[Exercise inputs — start]
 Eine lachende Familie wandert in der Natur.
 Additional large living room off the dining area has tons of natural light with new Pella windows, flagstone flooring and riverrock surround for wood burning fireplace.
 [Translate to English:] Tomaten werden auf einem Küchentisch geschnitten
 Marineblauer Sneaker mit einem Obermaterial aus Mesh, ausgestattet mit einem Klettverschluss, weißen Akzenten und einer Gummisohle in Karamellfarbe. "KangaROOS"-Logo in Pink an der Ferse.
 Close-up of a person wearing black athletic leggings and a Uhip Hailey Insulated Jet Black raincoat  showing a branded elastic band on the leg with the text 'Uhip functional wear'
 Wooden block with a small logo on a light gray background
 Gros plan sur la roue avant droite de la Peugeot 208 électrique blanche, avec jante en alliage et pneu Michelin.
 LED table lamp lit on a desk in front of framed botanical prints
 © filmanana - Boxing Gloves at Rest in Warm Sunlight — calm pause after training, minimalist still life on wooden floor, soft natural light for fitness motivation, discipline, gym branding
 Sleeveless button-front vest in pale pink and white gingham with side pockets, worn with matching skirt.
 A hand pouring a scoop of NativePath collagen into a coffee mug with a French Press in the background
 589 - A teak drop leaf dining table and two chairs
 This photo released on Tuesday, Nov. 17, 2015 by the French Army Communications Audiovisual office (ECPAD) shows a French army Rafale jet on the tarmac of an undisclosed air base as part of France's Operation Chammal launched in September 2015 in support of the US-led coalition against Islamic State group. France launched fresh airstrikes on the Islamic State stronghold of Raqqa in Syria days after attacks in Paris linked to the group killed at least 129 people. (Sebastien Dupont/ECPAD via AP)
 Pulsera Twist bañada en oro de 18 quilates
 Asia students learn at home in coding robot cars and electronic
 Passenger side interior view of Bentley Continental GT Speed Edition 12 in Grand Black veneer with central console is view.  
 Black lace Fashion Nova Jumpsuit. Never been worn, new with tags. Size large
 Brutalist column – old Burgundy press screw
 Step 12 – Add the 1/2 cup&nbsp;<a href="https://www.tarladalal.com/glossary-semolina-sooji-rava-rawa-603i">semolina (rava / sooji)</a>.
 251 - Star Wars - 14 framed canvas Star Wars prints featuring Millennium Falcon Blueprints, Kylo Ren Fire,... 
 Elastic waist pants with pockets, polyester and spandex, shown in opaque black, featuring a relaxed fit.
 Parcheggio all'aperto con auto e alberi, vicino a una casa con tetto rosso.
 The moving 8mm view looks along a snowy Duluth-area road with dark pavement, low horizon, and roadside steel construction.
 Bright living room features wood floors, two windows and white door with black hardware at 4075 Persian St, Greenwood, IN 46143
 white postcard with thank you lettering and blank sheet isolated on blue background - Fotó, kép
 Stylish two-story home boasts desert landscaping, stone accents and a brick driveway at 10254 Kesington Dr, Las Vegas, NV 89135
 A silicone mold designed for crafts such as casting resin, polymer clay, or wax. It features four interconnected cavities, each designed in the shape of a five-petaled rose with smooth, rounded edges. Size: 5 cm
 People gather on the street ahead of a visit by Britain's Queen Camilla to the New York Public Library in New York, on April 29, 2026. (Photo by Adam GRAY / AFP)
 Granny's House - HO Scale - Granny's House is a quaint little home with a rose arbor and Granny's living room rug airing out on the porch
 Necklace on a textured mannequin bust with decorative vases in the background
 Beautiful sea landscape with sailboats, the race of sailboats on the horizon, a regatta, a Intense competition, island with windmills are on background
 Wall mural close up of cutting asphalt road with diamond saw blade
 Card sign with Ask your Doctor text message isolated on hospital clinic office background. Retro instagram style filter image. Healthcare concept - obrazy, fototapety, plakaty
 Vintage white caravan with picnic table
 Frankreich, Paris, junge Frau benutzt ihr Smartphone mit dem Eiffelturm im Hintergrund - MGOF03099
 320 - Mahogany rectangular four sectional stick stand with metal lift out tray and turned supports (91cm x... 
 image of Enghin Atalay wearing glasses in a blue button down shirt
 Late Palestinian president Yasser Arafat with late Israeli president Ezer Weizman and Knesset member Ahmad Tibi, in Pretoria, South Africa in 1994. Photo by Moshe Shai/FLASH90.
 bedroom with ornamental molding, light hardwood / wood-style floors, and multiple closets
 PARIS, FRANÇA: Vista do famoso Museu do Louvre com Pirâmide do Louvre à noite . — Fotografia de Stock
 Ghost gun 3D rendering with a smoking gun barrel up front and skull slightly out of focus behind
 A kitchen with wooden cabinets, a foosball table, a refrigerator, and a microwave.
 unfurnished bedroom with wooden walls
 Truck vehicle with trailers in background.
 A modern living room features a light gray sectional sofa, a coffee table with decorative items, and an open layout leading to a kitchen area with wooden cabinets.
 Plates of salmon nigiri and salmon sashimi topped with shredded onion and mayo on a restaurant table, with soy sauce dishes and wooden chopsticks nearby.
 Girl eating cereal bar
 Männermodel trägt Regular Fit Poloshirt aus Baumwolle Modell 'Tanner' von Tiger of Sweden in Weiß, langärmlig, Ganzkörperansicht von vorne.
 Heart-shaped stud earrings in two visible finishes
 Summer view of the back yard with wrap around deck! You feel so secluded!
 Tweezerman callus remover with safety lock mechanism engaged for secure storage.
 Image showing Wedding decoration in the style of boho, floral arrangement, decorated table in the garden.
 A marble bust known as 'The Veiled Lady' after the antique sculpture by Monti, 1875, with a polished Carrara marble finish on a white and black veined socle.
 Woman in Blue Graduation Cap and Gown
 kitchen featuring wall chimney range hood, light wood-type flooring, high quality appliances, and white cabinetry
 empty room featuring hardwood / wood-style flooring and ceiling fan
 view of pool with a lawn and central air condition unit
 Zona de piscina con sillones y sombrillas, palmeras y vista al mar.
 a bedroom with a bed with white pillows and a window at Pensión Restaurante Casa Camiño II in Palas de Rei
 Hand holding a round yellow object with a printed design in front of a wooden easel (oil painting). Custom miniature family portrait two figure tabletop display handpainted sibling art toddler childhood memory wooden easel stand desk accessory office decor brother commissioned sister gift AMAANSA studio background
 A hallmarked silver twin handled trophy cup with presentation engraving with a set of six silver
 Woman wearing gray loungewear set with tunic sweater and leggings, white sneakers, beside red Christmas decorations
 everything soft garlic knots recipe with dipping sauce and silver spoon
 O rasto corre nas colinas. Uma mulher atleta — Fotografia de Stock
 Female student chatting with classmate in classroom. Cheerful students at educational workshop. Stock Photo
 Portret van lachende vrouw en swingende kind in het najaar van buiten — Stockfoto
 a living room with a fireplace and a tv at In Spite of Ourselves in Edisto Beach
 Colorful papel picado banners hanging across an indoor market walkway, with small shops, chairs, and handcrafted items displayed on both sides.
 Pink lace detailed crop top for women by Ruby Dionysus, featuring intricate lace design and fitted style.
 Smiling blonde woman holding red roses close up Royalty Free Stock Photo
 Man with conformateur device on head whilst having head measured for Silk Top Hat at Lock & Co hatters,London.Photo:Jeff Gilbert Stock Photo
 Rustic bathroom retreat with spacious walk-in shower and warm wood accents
[Exercise inputs — finish]
**What this task involves:**
Your response should be the lines above from the first to the one containing "Wooden block with", inclusive, each given exactly.

**Result below:**
 Eine lachende Familie wandert in der Natur.
 Additional large living room off the dining area has tons of natural light with new Pella windows, flagstone flooring and riverrock surround for wood burning fireplace.
 [Translate to English:] Tomaten werden auf einem Küchentisch geschnitten
 Marineblauer Sneaker mit einem Obermaterial aus Mesh, ausgestattet mit einem Klettverschluss, weißen Akzenten und einer Gummisohle in Karamellfarbe. "KangaROOS"-Logo in Pink an der Ferse.
 Close-up of a person wearing black athletic leggings and a Uhip Hailey Insulated Jet Black raincoat  showing a branded elastic band on the leg with the text 'Uhip functional wear'
 Wooden block with a small logo on a light gray background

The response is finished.